One day I wrote her name upon the strand . . . .

……………………………………………

O, no, it is an ever-fixed mark

  • Line 4 of Spenser’s sonnet uses alliteration, the repetition of consonant sounds (“made my paynes his prey”). So, too, does line 1 of Shakespeare’s poem “Let me not to the marriage of true minds . . . .”).
  • Line 4 of Spenser’s sonnet uses personification (“But came the tyde, and made my paynes his prey”). So, too, does line 9 of Shakespeare’s poem (“Love’s not Time’s fool”).
  • Lines 9-10 of Spenser’s sonnet use enjambment, in which the poet uses no punctuation at the end of a line and thus runs the sense of the phrasing smoothly into the next line:

“Not so,” quod I, “let baser things devize

To die in dust, but you shall live by fame . . . .”

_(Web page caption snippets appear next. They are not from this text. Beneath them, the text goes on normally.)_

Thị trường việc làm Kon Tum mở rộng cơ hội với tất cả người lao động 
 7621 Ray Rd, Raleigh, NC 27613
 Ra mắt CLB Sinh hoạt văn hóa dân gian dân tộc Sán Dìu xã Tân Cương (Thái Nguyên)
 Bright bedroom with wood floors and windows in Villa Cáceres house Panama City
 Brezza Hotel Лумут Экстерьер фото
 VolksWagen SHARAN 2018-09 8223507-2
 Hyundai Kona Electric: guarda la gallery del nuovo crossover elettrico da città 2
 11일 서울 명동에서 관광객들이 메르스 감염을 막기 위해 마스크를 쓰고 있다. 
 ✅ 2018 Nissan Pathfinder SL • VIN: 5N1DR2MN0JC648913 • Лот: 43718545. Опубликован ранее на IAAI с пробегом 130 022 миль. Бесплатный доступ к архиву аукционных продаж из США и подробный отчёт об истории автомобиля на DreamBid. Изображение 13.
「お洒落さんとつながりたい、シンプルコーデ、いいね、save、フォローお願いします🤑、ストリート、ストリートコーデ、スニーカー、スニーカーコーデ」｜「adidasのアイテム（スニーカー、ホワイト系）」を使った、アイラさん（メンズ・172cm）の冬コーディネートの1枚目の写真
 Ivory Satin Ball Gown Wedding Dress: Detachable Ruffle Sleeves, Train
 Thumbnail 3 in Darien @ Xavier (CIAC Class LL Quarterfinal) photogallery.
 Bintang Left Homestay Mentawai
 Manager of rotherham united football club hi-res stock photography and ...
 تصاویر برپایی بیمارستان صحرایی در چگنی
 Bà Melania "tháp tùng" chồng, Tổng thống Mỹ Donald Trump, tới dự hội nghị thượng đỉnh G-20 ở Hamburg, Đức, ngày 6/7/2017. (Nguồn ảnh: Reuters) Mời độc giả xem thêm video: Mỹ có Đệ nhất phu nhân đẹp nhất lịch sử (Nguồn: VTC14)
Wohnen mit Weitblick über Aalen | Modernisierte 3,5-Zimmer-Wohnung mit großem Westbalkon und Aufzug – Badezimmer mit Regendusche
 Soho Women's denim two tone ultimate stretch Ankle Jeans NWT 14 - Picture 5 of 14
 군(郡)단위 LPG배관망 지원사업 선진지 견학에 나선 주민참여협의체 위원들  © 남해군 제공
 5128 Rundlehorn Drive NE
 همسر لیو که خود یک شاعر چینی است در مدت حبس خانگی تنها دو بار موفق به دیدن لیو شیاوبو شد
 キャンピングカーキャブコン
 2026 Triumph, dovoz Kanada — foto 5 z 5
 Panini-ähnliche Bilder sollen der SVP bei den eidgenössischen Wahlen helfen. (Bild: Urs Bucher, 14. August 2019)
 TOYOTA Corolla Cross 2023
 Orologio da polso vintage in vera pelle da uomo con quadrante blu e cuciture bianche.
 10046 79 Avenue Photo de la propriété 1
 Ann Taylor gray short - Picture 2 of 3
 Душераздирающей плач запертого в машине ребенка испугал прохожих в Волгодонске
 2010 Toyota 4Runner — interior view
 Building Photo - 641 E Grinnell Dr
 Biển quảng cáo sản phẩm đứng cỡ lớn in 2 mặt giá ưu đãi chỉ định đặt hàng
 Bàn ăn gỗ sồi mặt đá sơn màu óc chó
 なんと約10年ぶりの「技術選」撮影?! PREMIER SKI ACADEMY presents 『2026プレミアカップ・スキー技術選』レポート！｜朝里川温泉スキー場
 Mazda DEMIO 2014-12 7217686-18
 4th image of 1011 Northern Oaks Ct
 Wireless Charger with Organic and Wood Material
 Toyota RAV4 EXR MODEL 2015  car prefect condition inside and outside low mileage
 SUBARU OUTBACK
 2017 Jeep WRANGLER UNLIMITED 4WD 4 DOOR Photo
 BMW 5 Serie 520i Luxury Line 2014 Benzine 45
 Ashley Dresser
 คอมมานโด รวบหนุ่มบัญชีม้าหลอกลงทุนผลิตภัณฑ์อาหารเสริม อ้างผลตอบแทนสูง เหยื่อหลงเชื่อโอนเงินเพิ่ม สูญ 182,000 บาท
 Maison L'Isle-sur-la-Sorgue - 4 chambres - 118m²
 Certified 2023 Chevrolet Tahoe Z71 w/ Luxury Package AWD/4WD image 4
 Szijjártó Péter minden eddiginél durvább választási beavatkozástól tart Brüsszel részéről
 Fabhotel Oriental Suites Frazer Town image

Shakespeare uses this device frequently throughout his sonnet, as in lines 1-2:

Let me not to the marriage of true minds

Admit impediments . . . .

  • Both poems use imagery of nature to emphasize their points (as in lines 1-2 of Spenser’s sonnet and in lines 6 and 10 of Shakespeare’s poem).

Both poems celebrate true love (as opposed to selfish desire). Spenser’s is literally more dramatic, since both the male and the female speak; Shakespeare’s poem, on the other hand, presents simply the voice of the speaker himself.